The “art” of the short-term spending deal

Congressional intent to fund or not to fund operation of the federal government isn’t really the question this week, but rather why would your party force a government shutdown?  It’s all about which party can win the “blame game” for a shutdown in the media and with the folks back home, while minimizing a shutdown’s negative impact on reelection prospects come November 6.

Here’s what’s happened; here’s what I think will eventually play out:

The House managed to pass this week its continuing resolution (CR) 230-197, picking up six Democrats as it watched the expected defection of 11 GOP budget hawks.  The new CR expires at midnight on February 16, and carries some “sweeteners” Republican leaders thought might entice Democrats to vote “aye.”

House Minority Leader Nancy Pelosi (D, CA), the avenging angel of Democrat immigration reform and higher non-military spending, tried to derail the GOP CR by demanding House Speaker Paul Ryan (R, WI) bring two very different immigration bills up for a vote – one authored by Rep. Bob Goodlatte (R, VA), a bill even many in the GOP consider too conservative to pass the House, and one bipartisan measure Pelosi thinks could be approved.  Ryan refused.

“This is like giving you a bowl of doggy doo, put a cherry on top and called it chocolate sundae,” she told reporters just before this week’s successful chamber vote.

When the CR reached the Senate, the Democrats – including 10 Senators from relatively conservative states up for reelection in November – all echoed Pelosi, saying they’d vote “no” on the measure because it doesn’t contain an immigration fix nor does it raise budget limits on non-military spending. President Trump says it’s really sour grapes over the GOP federal tax reform victory.

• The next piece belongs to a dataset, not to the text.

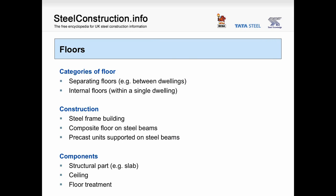Moving on to floors in steel frame buildings, there are two types: separating floors between dwellings and internal floors within a single dwelling. Common floors in steel frame buildings will be composite floors supported on steel beams, or precast units supported on steel beams. In terms of sound insulation performance, there are three important components: the structural slab, the ceiling suspended below the floor, and any floor treatments applied above the floor.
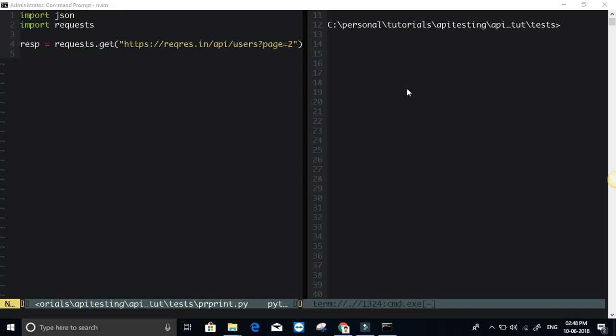Welcome to another tutorial on API testing with Python series. In this session, I'm going to show you how we can do pretty print data visualization of your JSON response. This is necessary because sometimes when you have a long JSON response, you may not be able to parse it unless you visualize it on the console how the JSON tree is. There are several ways to do this.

Senate Majority Leader Mitch McConnell (R, KY) now sits in the driver’s seat in this game of chicken.  When Minority Leader Charles Schumer (D, NY) refused to allow McConnell a simple majority vote on the House CR, he instead proposed GOP leaders move a shorter CR – measured in days, not weeks – to permit work on an immigration deal and overall budget caps.  Some GOP Senators are warm to Schumer’s idea, at least on immigration; McConnell has not publicly reacted to it.

McConnell played his ace when he announced he’d keep the Senate in session through the weekend, forcing a series of votes on issues near and dear to the Democrat agenda, including reauthorizing the Children’s’ Health Insurance Program (CHIP), portions of the DREAM Act reinvention and so on.  This strategy effectively will force those 10 Democrat Senators to vote against their own party agenda if they want to stay true to Schumer’s strategy of calling the GOP bluff on a government shutdown.

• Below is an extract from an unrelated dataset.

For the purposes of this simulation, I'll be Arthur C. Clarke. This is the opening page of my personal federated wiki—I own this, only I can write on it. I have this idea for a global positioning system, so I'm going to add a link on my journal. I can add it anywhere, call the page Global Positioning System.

And just as the punditry of Washington, DC, was all but guaranteeing a government shutdown was inevitable, Trump did two very telling things:  He invited Schumer to the White House late Friday to talk – no doubt leveraging last week’s bipartisan group hug on immigration he orchestrated at the White House – and he cancelled Air Force One and his plans to be in much-warmer Florida for the weekend.  At the same time, House GOP leaders, who earlier in the day told its caucus members to head home for the weekend, revised its instructions telling all House members to “stay flexible” in case they need to return for unschedule votes, i.e. the Senate cuts a deal, approves it and sends it back to the House for concurrence.

Trump and Schumer are hard-edged New Yorkers of long acquaintance, so expect some kind of deal to be cut, at least between the two of them.  My guess is McConnell will accept a shorter CR to avoid the shutdown, the seemingly unending Senate procedural jousting and to get immigration off his screen.  The Democrats will not get higher budget caps on non-military spending.  Let’s hope Trump talked with Ryan before inviting Schumer to the big white house on Pennsylvania Avenue, lest this be a waste of the president’s time, and a waste of time and gasoline for Schumer.